At the end of January, the radio program Democracy Now asked a question on air that got me so choked up I could hardly speak. I may have gripping my steering wheel with emotion and made up a tiny happy dance in my seat, and then looked around, embarrassed.
Democracy Now, for those of you not in the know, is a daily independent news program. It is aired around the US, has very high quality journalism, and is entirely funded without advertisements or corporate interests.
The interview I’m talking about was with John Kiriakou, a former CIA official jailed for whistleblowing related to the torture program. He’s been sentenced to 30 months. I’ll leave my political feels outside of this post, of course, and get to the bit that tugged at my heart.

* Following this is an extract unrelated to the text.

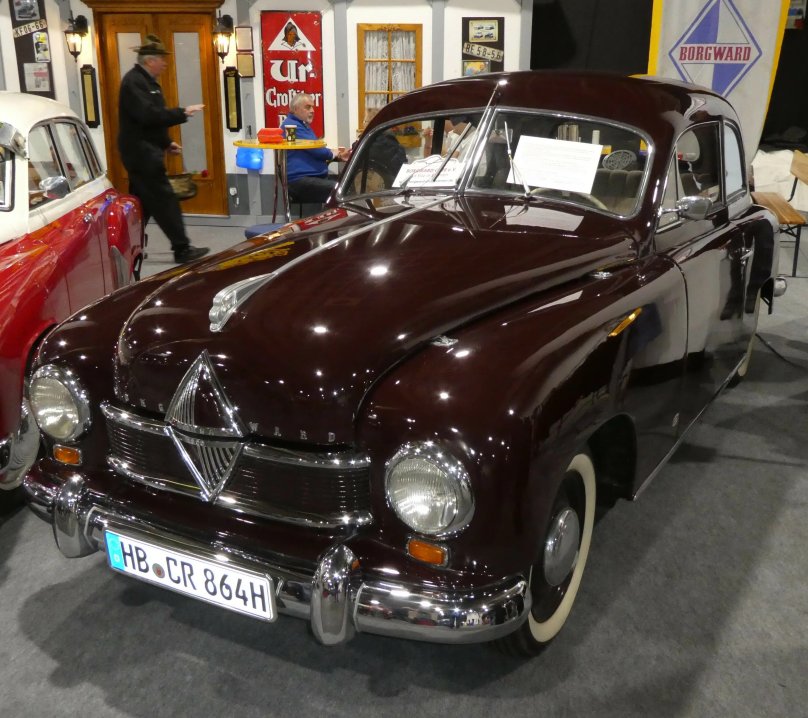 Borgward Hansa 1500 SPORTCOUPE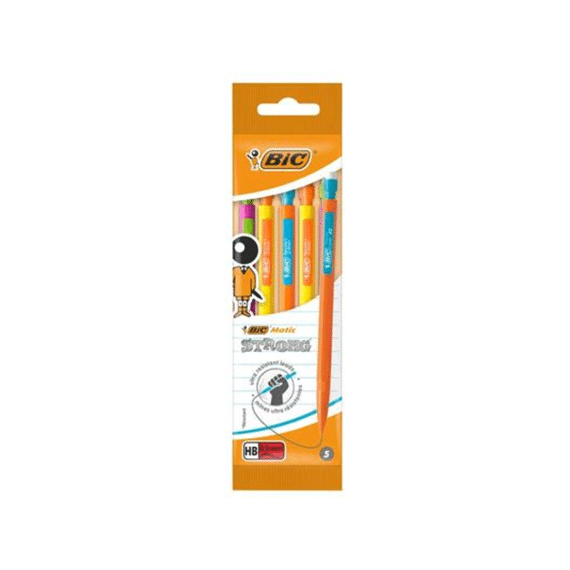 Bic Vulpotlood Matic Strong 0,9mm 5st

At the closing of a long interview, Nermeen Shaikh, one of the producers, asked Kiriakou, “John Kiriakou, you’ll shortly be going to prison. Do you know exactly when your prison sentence will begin? And how are you preparing for this? You’re the father of five children.”*
Shut the front door.
Are we really asking men how their lives will effect their children? As if their parenting is important to their children? As if their decisions have long-term effects on their offspring?
Say it ain’t so.
In these United States of America, Beyonce’s decision to wear a rocking and revealing outfit on the Oscar stage is seen as inappropriate in relation to her role as a parent. Neil Patrick Harris, though, can make cock jokes all day on his web show Puppet Dreams, nakedly, and nobody blinks, even once, at the effect that might have on the twins that he and David Burtka are raising. Of course, Beyonce’s viewing audience was a little larger–and there’s a pretty hefty racial component to Beyonce’s critics–but still. Fatherhood is both viewed as precious and rare, and at the same time not important. We are important and amazing unicorns–but you can’t rely on a unicorn to take you to work, amirite?
I could delve further–the patriarchy does a disservice to everyone in this respect, I think, by taking away personal responsibility from father figures, and at the same time taking away their agency.

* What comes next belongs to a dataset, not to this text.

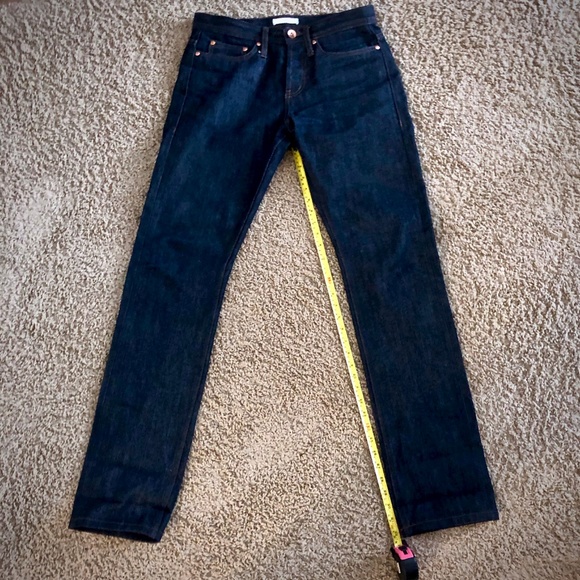 unbranded raw denim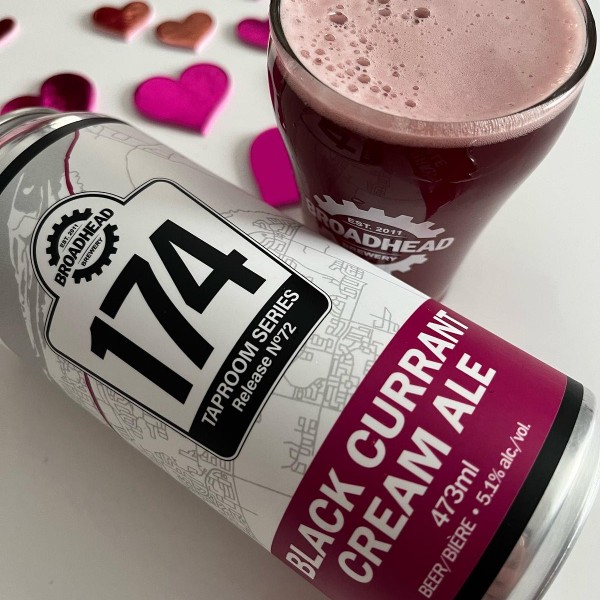 Broadhead Brewery Brings Back Black Currant Cream Ale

But I’ll make this a slightly more positive post. Thank you, Democracy Now, for respecting John Kiriakou’s importance as a parent. And a wish that this is a changing wind for good for parents and children to the strengthening of family bonds. And a last, tiny wish, for John Kiriakou and his partner and five children, that their family comes through these next 30 months gently.

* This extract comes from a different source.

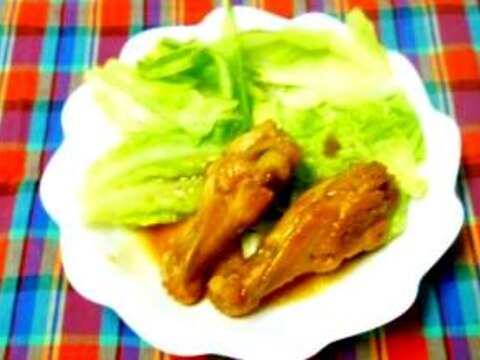 和風★鶏肉の照り煮★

*Kiriakou’s response reflected a loving and involved parent: “It’s, frankly, very hard to prepare. You have to do things like arrange a power of attorney, arrange child care. I mean, there are so many things to do, it’s just overwhelming. My wife, thank God, is very strong and very tough and very supportive. And we are treating this like temporary duty overseas. It was not unusual for me to go overseas for many months at a time, sometimes as long as two years at a time, two-and-a-half years. So we’re treating this like an overseas deployment. I can call my children virtually every day. If I’m close enough, they can come and visit me. And I’m just hoping for the best…they know that I’ve been involved in a fight with the FBI for the last year. And I told them, ‘You know I’ve been fighting the FBI. And unfortunately, I lost. And so, because I lost, my punishment is I’m going to have to go away for a couple of years, and I’m going to try to teach bad guys how to get their high school diplomas. And when I’m all done with that, I’ll come home, and we’ll live as a family, and everything’s going to be OK again.'” Owch, my heart.